Data records section start
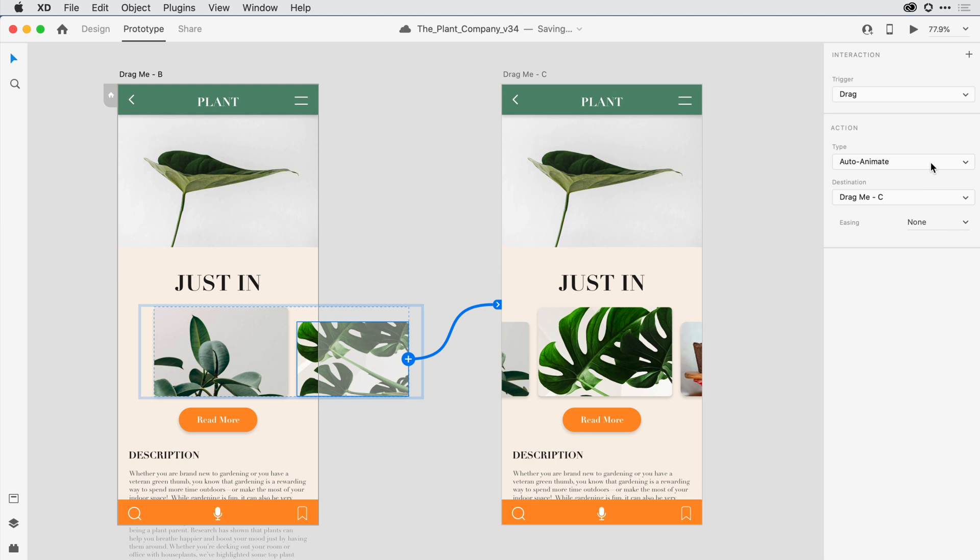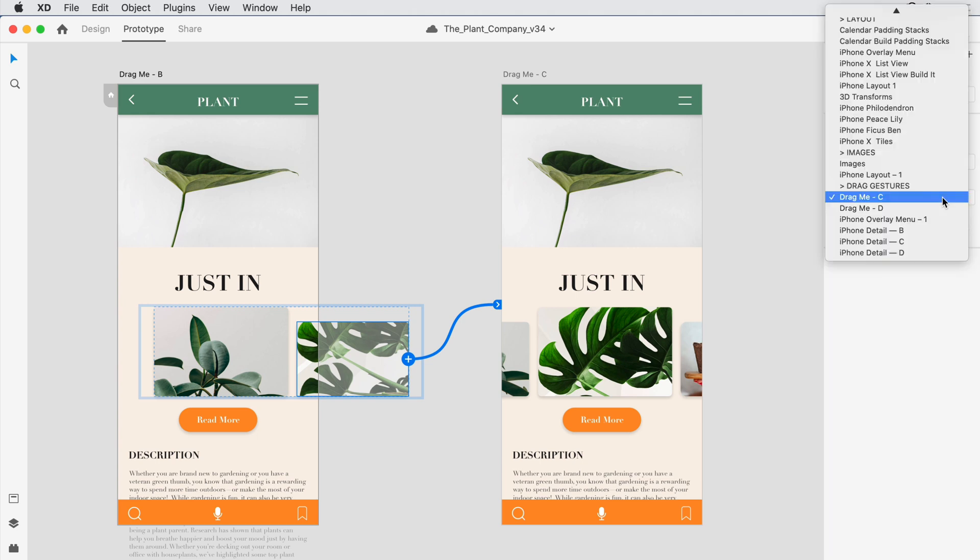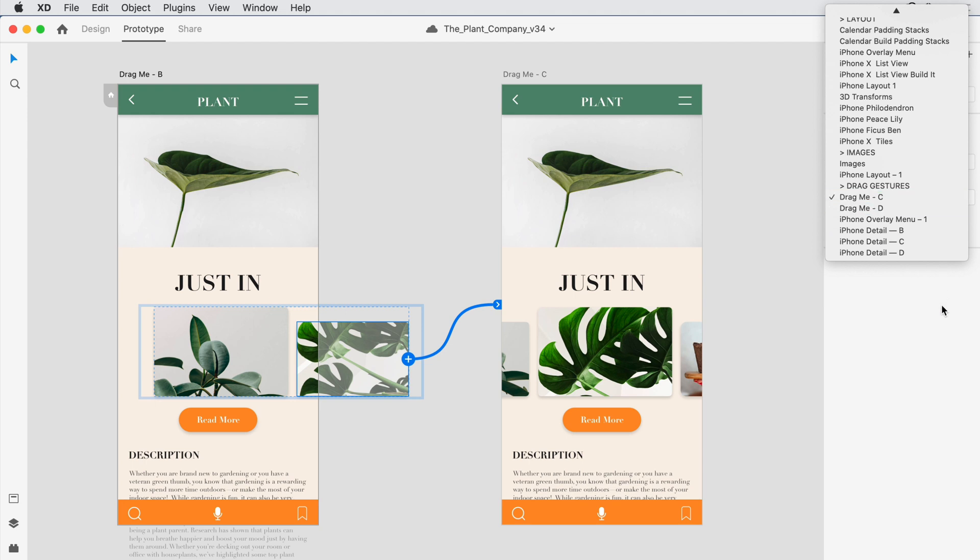The destination was defined back when I dragged my wire from the first artboard to the second, but I can always define another destination by clicking on this dropdown and scrolling through some of the other artboards I have on the design canvas.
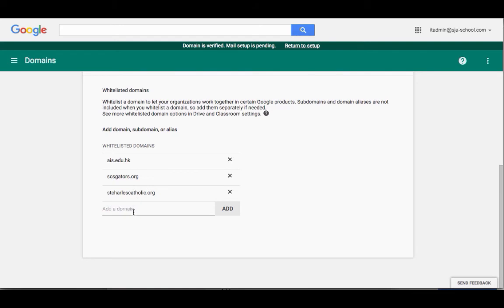If I needed to White List another one, I could simply come in, add in their domain, which is the part behind the at symbol, and click on Add.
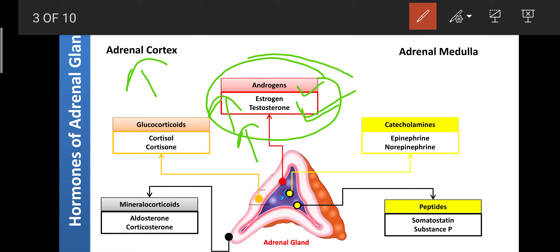The adrenal medulla mainly secretes two categories of hormones: catecholamines — epinephrine, norepinephrine, and dopamine. These are sympathomimetic drugs known as catecholamines because they contain a catechol moiety in their structure. They are mainly involved in the regulation of blood pressure, heart rate, and cardiac output.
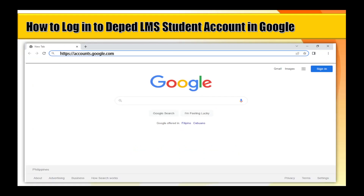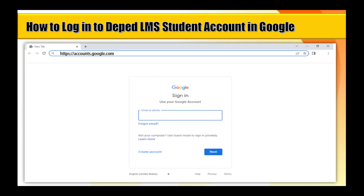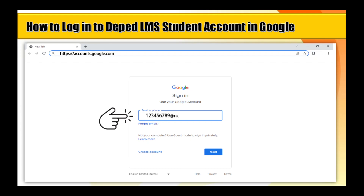Step 2: Click on Sign In. The blue Sign In button is on the upper right corner. Step 3: Enter your email address and click Next. Please be advised that the approved alias username should start with your LRN number at ncrt.deped.gov.ph, and then click Next.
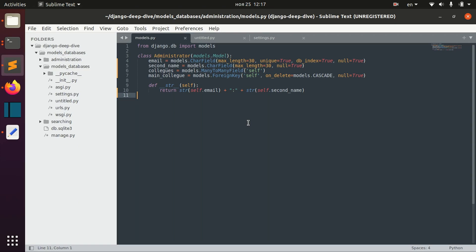This is the second lesson in a series of lessons about database access optimization. Today we'll talk about optimizing queries and how we can work with queries in a more optimal way.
Data records section end
**Task to complete**: Word for word, restate the lines from the line containing "If I needed" through the end of the data, including the first and last of them. Pictures stay out.

**Exercise output**:
If I needed to White List another one, I could simply come in, add in their domain, which is the part behind the at symbol, and click on Add.
The adrenal medulla mainly secretes two categories of hormones: catecholamines — epinephrine, norepinephrine, and dopamine. These are sympathomimetic drugs known as catecholamines because they contain a catechol moiety in their structure. They are mainly involved in the regulation of blood pressure, heart rate, and cardiac output.
Step 2: Click on Sign In. The blue Sign In button is on the upper right corner. Step 3: Enter your email address and click Next. Please be advised that the approved alias username should start with your LRN number at ncrt.deped.gov.ph, and then click Next.
This is the second lesson in a series of lessons about database access optimization. Today we'll talk about optimizing queries and how we can work with queries in a more optimal way.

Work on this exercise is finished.